Quanta is an open-source, generalized HTAP (Hybrid Transactional/Analytical Processing) database engine built on the Roaring Bitmap libraries. Designed as a highly performant alternative to traditional databases, Quanta emulates a subset of the MySQL networking protocol, providing compatibility with many MySQL drivers and tools. While it doesn’t support transactions or stored procedures, Quanta enables access to a wide ecosystem of MySQL-compatible resources and does support user-defined functions (UDFs).
The primary advantage of Quanta is its ability to provide subsecond access to large datasets with real-time updates. Data is compressed upon import and accessed directly in this format, allowing for high-performance querying on highly compressed data. Additionally, Quanta manages high cardinality strings by storing them in a distributed, persistent hashtable across Data Nodes. The architecture is similar to Apache Cassandra, allowing for both scalability and fault tolerance, with a future roadmap goal to enable active/active high availability and disaster recovery across multiple data centers.
The architecture of Quanta supports horizontal scalability, low-latency access, and efficient data ingestion and querying. Here are the core components:
-
Client Applications: Applications connect to Quanta using industry-standard MySQL drivers, which communicate with the Query Processor via a Network Load Balancer.
-
Query Processor (Proxy): This component handles SQL queries from client applications. Multiple instances of the Query Processor are deployed for scalability, and a load balancer distributes MySQL connections across all instances. Each Query Processor can connect to all active Data Nodes, where data is transmitted as serialized byte arrays representing compressed bitmaps. The Query Processor re-hydrates these bitmaps and performs bitmap operations (e.g., AND, OR, difference) to deliver the final query response.
-
Data Nodes: These nodes form the primary storage and processing layer, organized as a cluster to handle data ingestion and retrieval tasks. Data Nodes communicate with the Query Processor via gRPC, sending compact byte arrays to optimize network load. Quanta also stores high cardinality strings in a distributed hashtable across Data Nodes for efficient retrieval.
-
Kinesis Consumers: The Kinesis Consumers ingest data streams from Amazon Kinesis, communicating with the Data Nodes via gRPC. They transform incoming data into bitmaps, buffer and aggregate them with OR operations, and then send the results to the appropriate Data Nodes for storage. This approach allows Quanta to pre-aggregate data efficiently before it reaches the Data Nodes.
-
Consul (Service Discovery and Metadata Storage): Consul enables service discovery by identifying the network endpoints of active Data Nodes, which are then accessible to upstream components like the Query Processors and Kinesis Consumers. Consul also leverages a key/value store to manage schema metadata for tables and fields, enabling consistent access to schema information across the system.

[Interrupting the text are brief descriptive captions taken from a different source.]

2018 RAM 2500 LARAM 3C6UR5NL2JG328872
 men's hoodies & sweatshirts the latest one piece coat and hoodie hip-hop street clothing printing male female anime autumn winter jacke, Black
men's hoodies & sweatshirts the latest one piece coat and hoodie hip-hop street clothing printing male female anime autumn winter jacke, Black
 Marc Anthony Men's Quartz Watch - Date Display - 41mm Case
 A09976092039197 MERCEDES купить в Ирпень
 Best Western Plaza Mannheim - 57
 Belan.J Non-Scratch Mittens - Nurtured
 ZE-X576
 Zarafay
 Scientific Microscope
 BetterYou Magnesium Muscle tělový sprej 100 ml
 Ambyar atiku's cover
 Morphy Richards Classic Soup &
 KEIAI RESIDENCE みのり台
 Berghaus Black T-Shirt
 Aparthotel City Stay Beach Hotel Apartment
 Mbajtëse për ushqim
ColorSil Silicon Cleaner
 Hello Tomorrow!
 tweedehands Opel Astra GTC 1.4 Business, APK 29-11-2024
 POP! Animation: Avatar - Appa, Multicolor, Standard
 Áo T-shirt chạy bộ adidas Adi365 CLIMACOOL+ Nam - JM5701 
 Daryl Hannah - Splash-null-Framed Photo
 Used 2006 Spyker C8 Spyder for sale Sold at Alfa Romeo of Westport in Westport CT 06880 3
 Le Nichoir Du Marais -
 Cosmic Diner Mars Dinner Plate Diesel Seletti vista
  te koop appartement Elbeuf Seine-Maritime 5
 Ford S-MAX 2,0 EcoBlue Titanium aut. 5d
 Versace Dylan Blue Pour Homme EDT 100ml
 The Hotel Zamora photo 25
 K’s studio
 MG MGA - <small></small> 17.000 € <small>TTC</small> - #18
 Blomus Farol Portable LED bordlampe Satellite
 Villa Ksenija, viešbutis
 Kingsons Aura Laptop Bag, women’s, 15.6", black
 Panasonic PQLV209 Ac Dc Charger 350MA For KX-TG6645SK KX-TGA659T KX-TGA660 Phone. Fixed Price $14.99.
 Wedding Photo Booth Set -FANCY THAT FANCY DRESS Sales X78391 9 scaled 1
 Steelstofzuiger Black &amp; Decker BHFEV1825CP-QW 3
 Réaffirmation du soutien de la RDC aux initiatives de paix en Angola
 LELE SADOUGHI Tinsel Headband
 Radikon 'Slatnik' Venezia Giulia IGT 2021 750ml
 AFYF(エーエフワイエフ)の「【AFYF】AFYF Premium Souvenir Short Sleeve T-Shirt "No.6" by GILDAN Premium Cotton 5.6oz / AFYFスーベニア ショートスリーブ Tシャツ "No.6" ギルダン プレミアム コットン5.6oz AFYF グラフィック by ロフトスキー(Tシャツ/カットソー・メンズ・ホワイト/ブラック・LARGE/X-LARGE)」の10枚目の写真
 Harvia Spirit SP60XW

Quanta's roadmap focuses on expanding SQL capabilities, scalability, and performance optimization. Key goals include:
-
Enhanced SQL Support: Adding support for SQL features like GROUP BY, HAVING clauses, and multiple aggregations in the SELECT list to enable complex analytical queries, particularly for TPC-H benchmarking.
-
Autoscaling and Resource Optimization: Developing an autoscaler to dynamically add or remove Data Nodes based on workload, with metrics-driven scaling to manage resource use efficiently.
-
Optimized Data Distribution and Load Balancing: Improving the data distribution strategy based on resource utilization. Dynamic data distribution will help balance load across nodes more effectively.
-
Active/Active HA/DR: Implementing active/active high availability and disaster recovery across multiple data centers for improved resilience.
-
Conflict Resolution and Time Synchronization: Adding conflict resolution strategies using vector clocks or version vectors. With AWS’s Time Sync service, Quanta aims to eventually support microsecond-level time synchronization for conflict management.
-
GPU-Accelerated Bitmap Processing: Exploring GPU acceleration for core bitmap operations to improve performance on large-scale data processing tasks.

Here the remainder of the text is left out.